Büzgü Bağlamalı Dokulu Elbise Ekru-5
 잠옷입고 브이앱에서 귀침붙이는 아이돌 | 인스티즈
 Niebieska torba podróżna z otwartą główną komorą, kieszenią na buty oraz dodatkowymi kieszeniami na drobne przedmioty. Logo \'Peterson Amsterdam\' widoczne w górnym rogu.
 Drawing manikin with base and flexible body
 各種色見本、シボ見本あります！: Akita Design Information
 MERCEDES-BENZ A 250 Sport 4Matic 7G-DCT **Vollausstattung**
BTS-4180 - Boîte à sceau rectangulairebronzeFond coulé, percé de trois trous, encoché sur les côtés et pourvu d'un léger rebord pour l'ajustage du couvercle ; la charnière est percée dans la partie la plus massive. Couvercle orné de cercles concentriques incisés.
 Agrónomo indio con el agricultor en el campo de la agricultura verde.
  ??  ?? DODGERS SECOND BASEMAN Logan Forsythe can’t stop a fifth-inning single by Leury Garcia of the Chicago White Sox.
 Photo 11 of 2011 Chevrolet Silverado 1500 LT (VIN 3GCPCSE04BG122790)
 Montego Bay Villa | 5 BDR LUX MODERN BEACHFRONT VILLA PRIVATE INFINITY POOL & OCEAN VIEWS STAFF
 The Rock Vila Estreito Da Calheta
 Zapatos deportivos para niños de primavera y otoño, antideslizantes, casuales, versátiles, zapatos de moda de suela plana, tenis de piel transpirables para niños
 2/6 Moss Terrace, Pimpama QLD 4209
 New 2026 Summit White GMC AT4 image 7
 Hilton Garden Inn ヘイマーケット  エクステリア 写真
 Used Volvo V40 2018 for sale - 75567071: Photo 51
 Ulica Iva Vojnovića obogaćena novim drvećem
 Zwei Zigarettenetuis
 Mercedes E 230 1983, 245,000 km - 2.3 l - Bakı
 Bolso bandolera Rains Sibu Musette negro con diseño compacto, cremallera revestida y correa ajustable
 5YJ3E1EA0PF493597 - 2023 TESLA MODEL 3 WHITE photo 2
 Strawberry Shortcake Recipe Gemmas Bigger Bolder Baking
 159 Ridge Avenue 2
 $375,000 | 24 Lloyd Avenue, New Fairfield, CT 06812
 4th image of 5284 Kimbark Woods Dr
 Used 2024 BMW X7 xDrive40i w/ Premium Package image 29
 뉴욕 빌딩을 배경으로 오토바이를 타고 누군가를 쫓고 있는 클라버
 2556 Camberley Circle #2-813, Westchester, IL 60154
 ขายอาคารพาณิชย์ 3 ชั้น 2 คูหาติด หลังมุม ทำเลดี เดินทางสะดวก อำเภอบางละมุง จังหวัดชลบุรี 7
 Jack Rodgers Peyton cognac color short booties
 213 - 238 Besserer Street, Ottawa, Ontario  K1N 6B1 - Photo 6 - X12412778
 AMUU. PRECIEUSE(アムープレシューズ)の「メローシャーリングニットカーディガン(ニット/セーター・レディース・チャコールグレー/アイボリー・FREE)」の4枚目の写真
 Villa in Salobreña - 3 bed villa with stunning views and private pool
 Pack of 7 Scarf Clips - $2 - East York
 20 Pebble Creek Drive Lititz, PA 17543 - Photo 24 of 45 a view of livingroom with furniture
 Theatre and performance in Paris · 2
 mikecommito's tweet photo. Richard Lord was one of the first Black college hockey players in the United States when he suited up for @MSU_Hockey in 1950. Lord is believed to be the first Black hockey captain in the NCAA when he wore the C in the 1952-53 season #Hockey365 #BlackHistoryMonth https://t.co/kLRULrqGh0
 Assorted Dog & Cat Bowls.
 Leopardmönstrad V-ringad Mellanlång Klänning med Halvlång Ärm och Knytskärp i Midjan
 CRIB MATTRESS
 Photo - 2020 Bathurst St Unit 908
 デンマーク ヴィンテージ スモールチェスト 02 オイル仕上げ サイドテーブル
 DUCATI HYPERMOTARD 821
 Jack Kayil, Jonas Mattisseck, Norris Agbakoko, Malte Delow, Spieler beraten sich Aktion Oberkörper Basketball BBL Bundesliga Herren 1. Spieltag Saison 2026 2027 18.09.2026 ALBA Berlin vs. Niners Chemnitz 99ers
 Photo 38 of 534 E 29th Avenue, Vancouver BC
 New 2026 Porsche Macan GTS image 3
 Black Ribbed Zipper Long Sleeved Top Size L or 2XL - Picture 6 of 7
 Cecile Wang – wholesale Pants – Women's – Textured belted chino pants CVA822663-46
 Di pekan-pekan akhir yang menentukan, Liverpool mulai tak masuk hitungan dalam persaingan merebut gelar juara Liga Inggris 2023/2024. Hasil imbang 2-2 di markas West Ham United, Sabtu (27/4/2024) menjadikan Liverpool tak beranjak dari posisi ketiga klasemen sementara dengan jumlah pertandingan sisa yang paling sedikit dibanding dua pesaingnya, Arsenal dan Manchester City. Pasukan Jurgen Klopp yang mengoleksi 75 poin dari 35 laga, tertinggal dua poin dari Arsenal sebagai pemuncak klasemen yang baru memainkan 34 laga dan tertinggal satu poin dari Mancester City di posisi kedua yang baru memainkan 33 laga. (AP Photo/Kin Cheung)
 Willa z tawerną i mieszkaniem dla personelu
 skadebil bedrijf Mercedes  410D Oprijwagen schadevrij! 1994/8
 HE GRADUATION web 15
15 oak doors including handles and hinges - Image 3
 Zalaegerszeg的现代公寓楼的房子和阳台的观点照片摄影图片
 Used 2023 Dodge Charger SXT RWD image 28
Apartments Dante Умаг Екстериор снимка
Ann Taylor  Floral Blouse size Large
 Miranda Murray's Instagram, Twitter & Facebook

□ □ □ □ □ □ □

Across the data, how many lines contain the string "with"? Only the number is wanted.

3